Advanced Statistics and Machine Learning for Health Research
A Practical Course for Health Researchers
Welcome
This course teaches advanced statistics and machine learning to people who work in health research. It assumes you know the basics — means, standard deviations, maybe a t-test — and takes you from there to the methods you actually see in current medical journals: splines, penalised regression, prediction models, Bayesian analysis, and dimensionality reduction.
Everything uses clinical data. Every exercise works in R and Python. Pick one or try both. Solutions for all exercises are in the Appendix.
0.1 What you will learn
By the end of this course, you will be able to:
- Model non-linear relationships properly instead of categorising continuous variables
- Build, validate, and report clinical prediction models to current standards (TRIPOD+AI)
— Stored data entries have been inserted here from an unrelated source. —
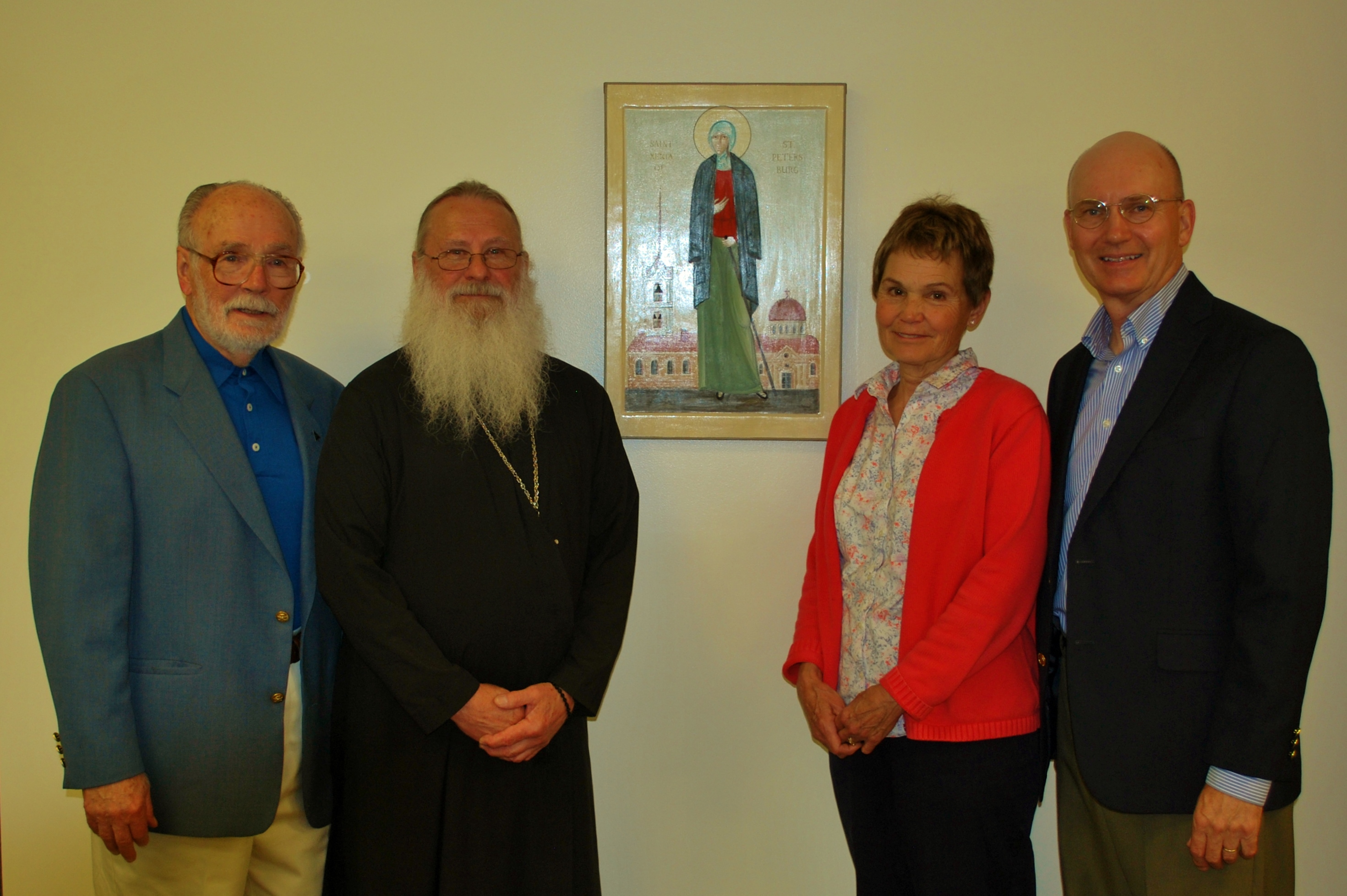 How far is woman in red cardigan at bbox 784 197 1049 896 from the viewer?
5.83 ft

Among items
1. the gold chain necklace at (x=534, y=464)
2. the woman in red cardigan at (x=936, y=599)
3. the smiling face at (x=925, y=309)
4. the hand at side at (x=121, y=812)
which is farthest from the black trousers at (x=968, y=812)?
the hand at side at (x=121, y=812)

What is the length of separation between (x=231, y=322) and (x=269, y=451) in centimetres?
31

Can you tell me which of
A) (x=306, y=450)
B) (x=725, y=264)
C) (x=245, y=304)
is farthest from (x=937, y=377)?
(x=245, y=304)

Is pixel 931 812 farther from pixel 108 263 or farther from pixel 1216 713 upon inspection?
pixel 108 263

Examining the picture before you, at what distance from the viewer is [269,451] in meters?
1.99

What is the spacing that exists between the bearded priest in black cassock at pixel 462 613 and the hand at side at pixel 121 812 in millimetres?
392

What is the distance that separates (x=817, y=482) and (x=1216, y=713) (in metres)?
1.24

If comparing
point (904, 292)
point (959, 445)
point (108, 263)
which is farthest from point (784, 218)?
point (108, 263)

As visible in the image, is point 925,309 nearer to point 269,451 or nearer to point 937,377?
point 937,377

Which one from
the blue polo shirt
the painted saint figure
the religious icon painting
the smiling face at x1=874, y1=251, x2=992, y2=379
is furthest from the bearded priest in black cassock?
the smiling face at x1=874, y1=251, x2=992, y2=379

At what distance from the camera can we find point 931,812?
1.80 meters

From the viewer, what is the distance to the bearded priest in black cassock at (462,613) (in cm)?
187

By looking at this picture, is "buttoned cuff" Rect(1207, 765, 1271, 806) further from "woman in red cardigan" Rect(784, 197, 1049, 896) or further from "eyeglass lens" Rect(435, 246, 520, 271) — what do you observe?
"eyeglass lens" Rect(435, 246, 520, 271)

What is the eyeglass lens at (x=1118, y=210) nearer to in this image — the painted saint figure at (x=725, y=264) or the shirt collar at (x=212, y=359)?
the painted saint figure at (x=725, y=264) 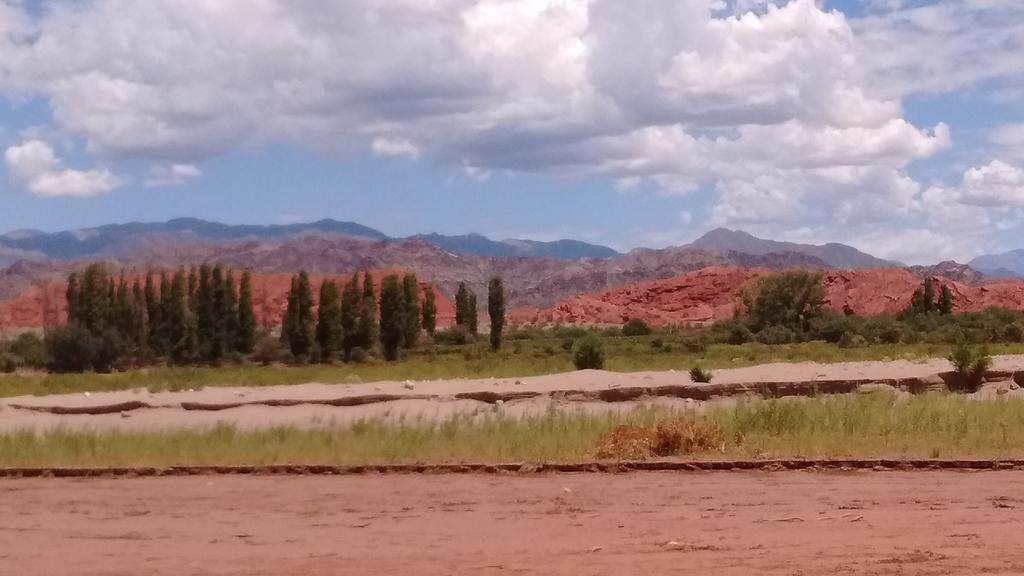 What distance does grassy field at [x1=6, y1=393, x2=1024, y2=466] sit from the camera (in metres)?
16.7

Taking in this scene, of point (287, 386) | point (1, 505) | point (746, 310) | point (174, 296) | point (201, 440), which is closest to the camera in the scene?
point (1, 505)

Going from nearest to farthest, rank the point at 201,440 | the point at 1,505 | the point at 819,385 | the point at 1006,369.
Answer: the point at 1,505
the point at 201,440
the point at 819,385
the point at 1006,369

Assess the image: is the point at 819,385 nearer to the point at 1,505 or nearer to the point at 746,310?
the point at 1,505

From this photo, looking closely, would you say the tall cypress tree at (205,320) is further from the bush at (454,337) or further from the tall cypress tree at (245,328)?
the bush at (454,337)

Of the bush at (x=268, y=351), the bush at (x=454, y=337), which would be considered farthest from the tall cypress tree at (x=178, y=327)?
the bush at (x=454, y=337)

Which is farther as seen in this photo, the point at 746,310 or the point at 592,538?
the point at 746,310

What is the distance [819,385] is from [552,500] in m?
19.0

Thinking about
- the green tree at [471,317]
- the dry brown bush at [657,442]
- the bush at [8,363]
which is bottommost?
the bush at [8,363]

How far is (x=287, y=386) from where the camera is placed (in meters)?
37.6

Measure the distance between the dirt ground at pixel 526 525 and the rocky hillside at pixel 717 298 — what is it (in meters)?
99.8

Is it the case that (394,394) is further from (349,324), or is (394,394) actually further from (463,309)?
(463,309)

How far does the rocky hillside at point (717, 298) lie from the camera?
117m

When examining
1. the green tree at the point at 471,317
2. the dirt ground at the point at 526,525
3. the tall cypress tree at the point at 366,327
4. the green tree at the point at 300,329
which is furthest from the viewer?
the green tree at the point at 471,317

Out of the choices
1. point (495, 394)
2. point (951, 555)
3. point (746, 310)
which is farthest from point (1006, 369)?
point (746, 310)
- Use machine learning methods (random forests, gradient boosting, deep learning) and know when they help and when they do not
- Apply Bayesian methods including hierarchical models for multi-site studies
- Reduce high-dimensional data with PCA, t-SNE, and UMAP
0.2 Structure
| Part | What it covers |
|---|---|
| Pre-Course | Probability, inference, regression refresher |
| I | Splines, penalised regression, survival analysis |
| II | Bayesian inference and hierarchical models |
| III | ML foundations, trees, ensembles, neural networks, ROC curves, calibration, decision curves |
| IV | PCA, UMAP, clustering |
| V | Clinical prediction models, validation, reporting |
| Advanced Toolkit | Causal inference, meta-analysis, journal-ready analysis |
The Pre-Course material should be completed before Day 1 if you are taking this in person. If you are self-studying, work through everything in order.
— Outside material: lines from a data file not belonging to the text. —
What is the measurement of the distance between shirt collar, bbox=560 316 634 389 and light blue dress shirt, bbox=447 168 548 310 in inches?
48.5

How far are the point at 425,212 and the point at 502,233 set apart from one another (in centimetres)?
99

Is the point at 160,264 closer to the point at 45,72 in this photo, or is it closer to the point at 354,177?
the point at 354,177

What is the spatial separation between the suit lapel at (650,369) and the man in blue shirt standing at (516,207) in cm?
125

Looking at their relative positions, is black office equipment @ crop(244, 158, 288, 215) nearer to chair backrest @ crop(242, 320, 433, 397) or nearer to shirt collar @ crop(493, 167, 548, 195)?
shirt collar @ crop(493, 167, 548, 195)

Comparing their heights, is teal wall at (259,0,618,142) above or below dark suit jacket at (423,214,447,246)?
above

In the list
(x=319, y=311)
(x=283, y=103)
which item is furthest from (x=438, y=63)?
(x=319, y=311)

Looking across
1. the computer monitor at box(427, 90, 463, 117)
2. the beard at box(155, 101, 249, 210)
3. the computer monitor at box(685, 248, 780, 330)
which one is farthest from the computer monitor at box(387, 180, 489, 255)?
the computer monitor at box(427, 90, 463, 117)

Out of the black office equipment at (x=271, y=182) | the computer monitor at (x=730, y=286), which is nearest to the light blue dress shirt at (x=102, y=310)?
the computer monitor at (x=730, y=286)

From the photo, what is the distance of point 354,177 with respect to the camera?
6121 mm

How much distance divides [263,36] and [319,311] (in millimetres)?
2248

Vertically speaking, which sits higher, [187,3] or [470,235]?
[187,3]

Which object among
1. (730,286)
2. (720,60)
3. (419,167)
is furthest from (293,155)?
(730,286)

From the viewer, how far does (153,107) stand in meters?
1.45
The Advanced Research Toolkit is for after the course — use it when you are doing your own research and need guidance on causal inference, meta-analysis, or producing a journal-ready manuscript.
0.3 Am I ready?
Skim Chapters 1-3. If the material feels familiar, skip ahead to Part I. If it feels new, work through those chapters carefully first — they are the foundation everything else builds on.
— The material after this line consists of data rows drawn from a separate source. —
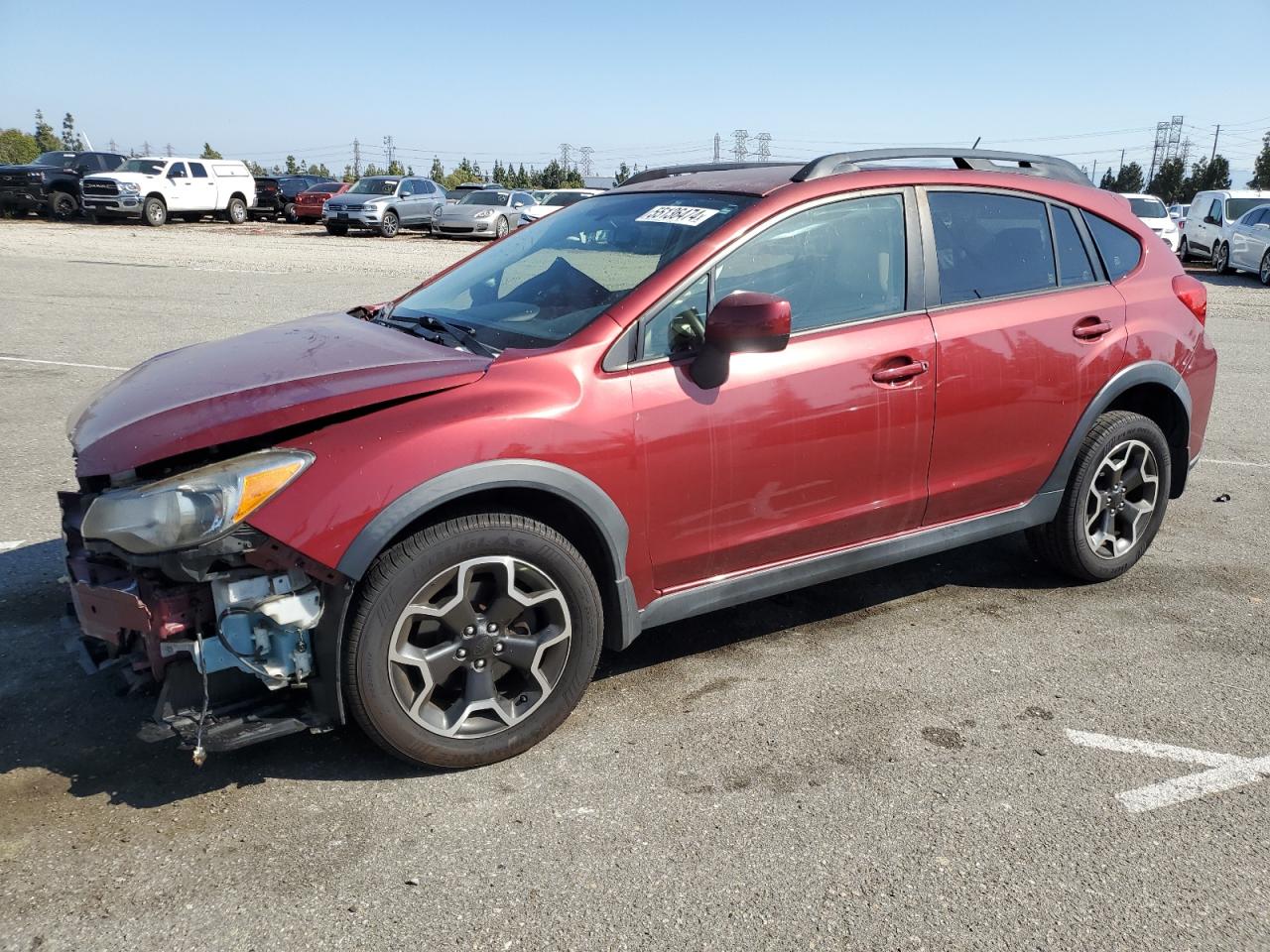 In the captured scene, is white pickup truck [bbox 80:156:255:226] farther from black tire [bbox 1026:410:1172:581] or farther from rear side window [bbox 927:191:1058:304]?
black tire [bbox 1026:410:1172:581]

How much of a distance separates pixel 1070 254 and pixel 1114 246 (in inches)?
12.6

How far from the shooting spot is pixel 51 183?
32062mm

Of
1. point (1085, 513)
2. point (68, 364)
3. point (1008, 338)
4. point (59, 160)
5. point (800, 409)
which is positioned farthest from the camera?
point (59, 160)

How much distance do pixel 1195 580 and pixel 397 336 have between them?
371cm

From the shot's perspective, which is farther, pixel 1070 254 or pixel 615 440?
pixel 1070 254

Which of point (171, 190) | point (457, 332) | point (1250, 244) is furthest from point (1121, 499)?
point (171, 190)

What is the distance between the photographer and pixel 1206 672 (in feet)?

Rough time estimates per chapter:
| Chapter | Topic | Estimated time |
|---|---|---|
| 0 | Environment setup | 1-2 hrs |
| 1 | Probability and distributions | 2-3 hrs |
| 2 | Inference and estimation | 2-3 hrs |
| 3 | Regression foundations | 3-4 hrs |
| 4 | Splines and non-linear modelling | 3-4 hrs |
| 5 | Penalised regression | 2-3 hrs |
| 6 | Survival analysis | 3-4 hrs |
| 13 | Bayesian inference | 3-4 hrs |
| 14 | Applied Bayesian modelling | 3-4 hrs |
| 7 | ML foundations | 2-3 hrs |
| 8 | Trees and ensembles | 2-3 hrs |
| 8b | Introduction to neural networks | 2-3 hrs |
| 9 | Model evaluation | 2-3 hrs |
| 15 | Dimensionality reduction | 2-3 hrs |
| 16 | Clustering | 2-3 hrs |
| 10 | Building prediction models | 3-4 hrs |
| 11 | Performance and validation | 3-4 hrs |
| 12 | Reporting and TRIPOD+AI | 2-3 hrs |
0.4 Datasets
All exercises use real or realistically simulated clinical data:
- Framingham Heart Study — cardiovascular risk
- Wisconsin Breast Cancer — diagnostic classification
- PBC (Mayo Clinic) — liver disease survival
- NHANES — national health survey
- Simulated meningitis — based on Lopez-Ayala et al. (BMJ 2025)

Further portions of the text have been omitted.